Yarıiletken ve mikroelektronik teknolojilerinin 3 trilyon dolarlık bir sanayiyi besleyen bir alan olduğunu belirten Sabancı Üniversitesi Rektörü Prof. Dr. Yusuf Leblebici şunları söyledi:
“Tüketici elektroniğinden savunma sanayine, bağlantı teknolojilerinden, tıp elektroniğine kadar birçok alan yarıiletken ve mikroelektronik sanayisinin ortaya çıkardığı eserler sayesinde gelişiyor ve ayakta duruyor. Yarıiletken pazarı kendi başına yıllık 600 milyar dolar cirosu olan bir alan. Ülkeler bu teknolojiye sahip olmanın kıymetini kavradılar ve bu artık bir ulusal güvenlik sorunu olarak düşünülmeye başlandı. Örneğin birkaç sene evvel İngiltere kökenli ARM’ın Amerika kökenli Nvidia’ya satılması ihtimali bile çok büyük bir tartışma yarattı. Devamında Intel üzere oturmuş Amerikan şirketleri kendi üretimlerini artık Uzak Doğu’da değil kendi topraklarında yapmak üzere çok önemli yatırımlara girişmeye başladılar. Örneğin Amerikan Senatosu’nun onayladığı bir yatırım planının boyutu 52 milyar dolar, Intel’in kendi üretim tesisine yapmaya karar verdiği yatırımın bedeli ise 20 milyar dolar. Bunlar münferit kararlar değil, dünya çapında tüm ülkeler bu hususun kıymetinin farkına vararak tedbir almaya başladılar”.

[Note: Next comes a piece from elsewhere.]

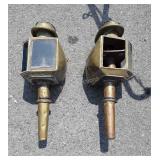 Pair of Brass Carriage type Lantern Lights,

Şirketlerin ve ülkelerin bu farkındalığa ulaşmasının çip krizi ile başladığını söz eden Yusuf Leblebici “Çip krizi COVID-19 ile başlamış üzere görünse de aslında geçmişi ondan da önceye dayanıyor. Tedarik zincirlerinin kolay kırılabilmesi, üretim için kullanılan ham unsurların akışında tedarik zincirinden kaynaklanan kasvetler, yalnızca ham unsur değil üretimde kullanılan aygıtların bile yalnızca belirli firmalar tarafından üretiliyor olması ve bu firmaların da talebe yetişemiyor olması üzere birden fazla sebeple dünya mikroelektronik yarıiletken üretiminde bir aksama oldu. Bunun üzerine COVID-19 geldiğinde de üretim şirketlerinin birçok üretimlerinin değerli bir kısmını cep telefonları ve akıllı telefonlara hitap eden çip üretimine çevirerek tüketici elektroniği, endüstriyel elektronik ve otomotiv üzere geri kalan alanları ihmal ettiler ve bu kriz ortaya çıktı, bugün hala devam ediyor” dedi.

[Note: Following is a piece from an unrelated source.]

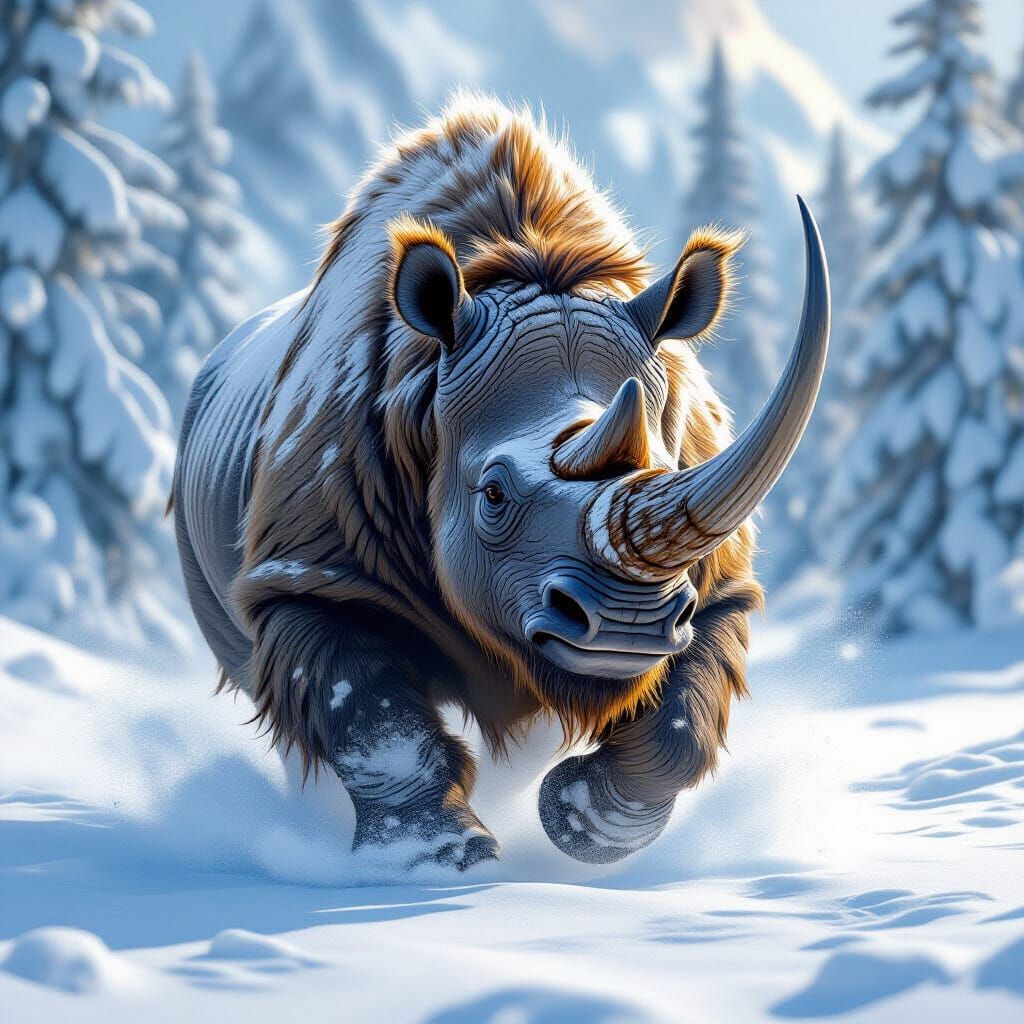 Woolly Rhino Charges Through Snow in Detailed Concept Art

Konunun ülkemiz açısından düşünüldüğünde yarıiletken ve mikroelektronik teknolojilerinin stratejik ehemmiyete sahip olduğunu vurgulayan Leblebici, “Bu teknolojiler yalnızca tüketici elektroniği, otomotiv üzere alanlarda kullanılmıyor. Savunma alanında, komünikasyon uydularında, yer istasyonlarında da kullanılıyor. Bu hususta rastgele bir ülkenin bağımsız hareket edebilmesi için bunların ülke içinde üretiliyor olması hayati ehemmiyet taşıyor. Türkiye’nin de birebir biçimde buna ehemmiyet verip, bilhassa siber güvenliği garanti altına alabilmek için mikroelektronik çip üretiminin en azından bir kısmının ülke içinde gerçekleştirilmesinin yolunu bir an evvel bulması lazım” değerlendirmesinde bulundu.